Performance improvement for `NB<T>`
Closed this issue · 5 comments
After seeing this benchmark I got curious if there is any room for performance improvement to Svelto.
I did some benchmark with NB<T>
and got some leads for code below:
public unsafe ref T this[int index]
{
[MethodImpl(MethodImplOptions.AggressiveInlining)] get
{
using (this._threadSentinel.TestThreadSafety())
return ref Unsafe.AsRef<T>((void*) (this._ptr + index * NB<T>.SIZE));
}
}
- Using cached size
NB<T>.SIZE
for stride is actually slower than usingUnsafe.SizeOf<T>
directly. As the latter will be replaced as constant after JIT compile, while former requires static constructor check. _threadSentinel
isreadonly
butSentinel
is not. CallingTestThreadSafety()
can cause defensive value copy.using
block essentially converts totry-finally
block which makes inlining inefficient, even though sentinel does nothing on release build.
In my own benchmark (.NET 6.0) solving these will improve the getter about 2x (125ms to 60ms) faster.
Here is the benchmark source I've tested
Results:
BenchmarkDotNet=v0.13.2, OS=macOS Monterey 12.3 (21E230) [Darwin 21.4.0]
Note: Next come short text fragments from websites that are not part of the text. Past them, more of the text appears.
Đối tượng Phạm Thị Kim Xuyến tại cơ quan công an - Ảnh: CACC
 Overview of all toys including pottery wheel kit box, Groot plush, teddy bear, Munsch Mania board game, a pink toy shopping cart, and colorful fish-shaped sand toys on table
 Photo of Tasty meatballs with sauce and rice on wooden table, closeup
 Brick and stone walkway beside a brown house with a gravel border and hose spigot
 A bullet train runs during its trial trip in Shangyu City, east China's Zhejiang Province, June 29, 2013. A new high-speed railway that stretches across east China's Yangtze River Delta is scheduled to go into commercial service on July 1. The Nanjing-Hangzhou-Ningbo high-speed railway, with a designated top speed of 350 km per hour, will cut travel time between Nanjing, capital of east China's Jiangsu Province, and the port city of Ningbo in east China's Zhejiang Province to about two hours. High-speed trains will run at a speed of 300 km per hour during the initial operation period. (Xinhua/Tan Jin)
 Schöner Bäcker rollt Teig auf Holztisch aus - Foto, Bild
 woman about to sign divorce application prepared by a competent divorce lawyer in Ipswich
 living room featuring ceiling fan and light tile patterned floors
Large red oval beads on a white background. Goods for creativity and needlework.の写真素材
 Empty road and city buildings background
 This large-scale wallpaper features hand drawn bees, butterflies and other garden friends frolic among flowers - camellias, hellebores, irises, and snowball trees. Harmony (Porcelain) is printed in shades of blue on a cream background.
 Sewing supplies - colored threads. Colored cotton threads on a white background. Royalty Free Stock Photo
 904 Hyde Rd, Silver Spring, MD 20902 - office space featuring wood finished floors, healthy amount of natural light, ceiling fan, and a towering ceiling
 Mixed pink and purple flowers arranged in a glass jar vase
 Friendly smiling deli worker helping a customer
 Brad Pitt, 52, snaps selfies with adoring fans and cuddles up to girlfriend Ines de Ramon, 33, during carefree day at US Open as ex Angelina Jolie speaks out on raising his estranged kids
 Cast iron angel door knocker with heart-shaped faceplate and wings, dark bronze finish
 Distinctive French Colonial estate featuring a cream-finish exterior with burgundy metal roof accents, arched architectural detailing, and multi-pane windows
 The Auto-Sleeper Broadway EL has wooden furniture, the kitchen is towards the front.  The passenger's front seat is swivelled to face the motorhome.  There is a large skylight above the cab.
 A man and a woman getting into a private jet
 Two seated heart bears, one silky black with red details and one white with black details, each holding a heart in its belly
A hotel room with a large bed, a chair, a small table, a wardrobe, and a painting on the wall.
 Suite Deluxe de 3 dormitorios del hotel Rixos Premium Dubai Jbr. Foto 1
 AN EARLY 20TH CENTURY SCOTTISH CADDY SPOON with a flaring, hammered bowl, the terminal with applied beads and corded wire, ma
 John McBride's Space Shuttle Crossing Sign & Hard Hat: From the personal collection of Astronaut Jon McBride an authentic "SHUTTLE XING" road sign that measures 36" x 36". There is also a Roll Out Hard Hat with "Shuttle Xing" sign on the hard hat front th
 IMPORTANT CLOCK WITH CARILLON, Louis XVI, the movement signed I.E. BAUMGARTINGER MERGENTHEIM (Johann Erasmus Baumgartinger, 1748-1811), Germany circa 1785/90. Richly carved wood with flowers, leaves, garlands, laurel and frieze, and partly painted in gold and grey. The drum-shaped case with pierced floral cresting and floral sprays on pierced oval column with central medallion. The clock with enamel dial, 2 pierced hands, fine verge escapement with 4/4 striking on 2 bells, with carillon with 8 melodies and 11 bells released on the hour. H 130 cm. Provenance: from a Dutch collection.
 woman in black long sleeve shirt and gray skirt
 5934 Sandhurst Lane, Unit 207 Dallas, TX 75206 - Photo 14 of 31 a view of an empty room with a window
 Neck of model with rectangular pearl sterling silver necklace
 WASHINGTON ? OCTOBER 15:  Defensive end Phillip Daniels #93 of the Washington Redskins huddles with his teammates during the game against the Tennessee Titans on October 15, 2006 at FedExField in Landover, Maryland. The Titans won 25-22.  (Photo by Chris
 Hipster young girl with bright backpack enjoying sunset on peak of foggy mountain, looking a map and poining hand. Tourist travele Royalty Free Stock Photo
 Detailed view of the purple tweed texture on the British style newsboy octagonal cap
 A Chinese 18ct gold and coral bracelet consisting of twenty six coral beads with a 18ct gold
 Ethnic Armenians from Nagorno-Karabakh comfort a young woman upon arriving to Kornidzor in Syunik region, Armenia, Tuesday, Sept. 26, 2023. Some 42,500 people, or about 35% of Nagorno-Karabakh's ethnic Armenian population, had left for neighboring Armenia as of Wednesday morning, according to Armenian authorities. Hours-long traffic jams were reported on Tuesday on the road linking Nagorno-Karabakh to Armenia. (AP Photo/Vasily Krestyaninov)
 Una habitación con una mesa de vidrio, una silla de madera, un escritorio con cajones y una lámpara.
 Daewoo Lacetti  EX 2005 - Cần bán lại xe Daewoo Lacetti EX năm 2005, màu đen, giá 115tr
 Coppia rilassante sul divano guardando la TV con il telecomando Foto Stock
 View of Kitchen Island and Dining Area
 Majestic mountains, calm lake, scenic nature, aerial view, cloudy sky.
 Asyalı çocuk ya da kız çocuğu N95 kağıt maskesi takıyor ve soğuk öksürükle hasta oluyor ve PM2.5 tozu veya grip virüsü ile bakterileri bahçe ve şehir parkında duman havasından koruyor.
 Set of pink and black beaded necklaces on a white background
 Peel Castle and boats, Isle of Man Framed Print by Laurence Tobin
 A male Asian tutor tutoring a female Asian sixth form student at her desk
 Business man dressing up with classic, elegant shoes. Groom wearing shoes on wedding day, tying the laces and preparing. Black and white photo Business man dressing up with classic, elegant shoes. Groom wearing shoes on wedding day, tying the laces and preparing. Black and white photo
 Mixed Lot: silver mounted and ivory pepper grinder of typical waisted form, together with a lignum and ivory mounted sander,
Apple M1 Pro, 1 CPU, 10 logical and 10 physical cores
.NET SDK=7.0.101
[Host] : .NET 6.0.2 (6.0.222.6406), Arm64 RyuJIT AdvSIMD
DefaultJob : .NET 6.0.2 (6.0.222.6406), Arm64 RyuJIT AdvSIMD
Method | Mean | Error | StdDev | Ratio | Allocated | Alloc Ratio |
---|---|---|---|---|---|---|
PointerAccess | 57.97 ms | 0.772 ms | 0.722 ms | 0.46 | 154 B | 0.23 |
NBFixed | 59.77 ms | 0.258 ms | 0.215 ms | 0.47 | 75 B | 0.11 |
NBWithSize | 240.70 ms | 0.737 ms | 0.689 ms | 1.90 | 893 B | 1.33 |
NBWithSentinel | 127.20 ms | 0.262 ms | 0.233 ms | 1.00 | 168 B | 0.25 |
NBWithSentinelAndSize | 126.93 ms | 0.148 ms | 0.123 ms | 1.00 | 670 B | 1.00 |
Weirdly, removing using
block but not replacing SIZE
makes it even slower. I think it is related to static constructor for SIZE
while the code got inlined.
I've added benchmark result for .NET 7 and Mono to the link, and it seems accessing with pointer is much performant for those. I think using T*
instead of Unsafe
APIs should be considered alongside.
I am pretty sure (confirmed with sharplab.io) that in release compilation the using will not generate a try catch if it's empty, in any case atm that line can be commented out. However the static field killed me, I have to think a lot about it as I use this everywhere in the code. Why is your benchmarking alocating at all?
that in release compilation the using will not generate a try catch if it's empty
Main issue would be that using
prevents inlining. I've tested with this SharpLab, and if you see the assembly it prevents inlining to CallWithUsing
while method WithUsing
does not contain try-finally.
Why is your benchmarking alocating at all?
It only happens if I put a very big number for Count
for some reason. It happens on irrelevant benchmarks as well. I think it's MemoryDiagnoser
issue.
according my profiing Unsafe.As is as fast as using T*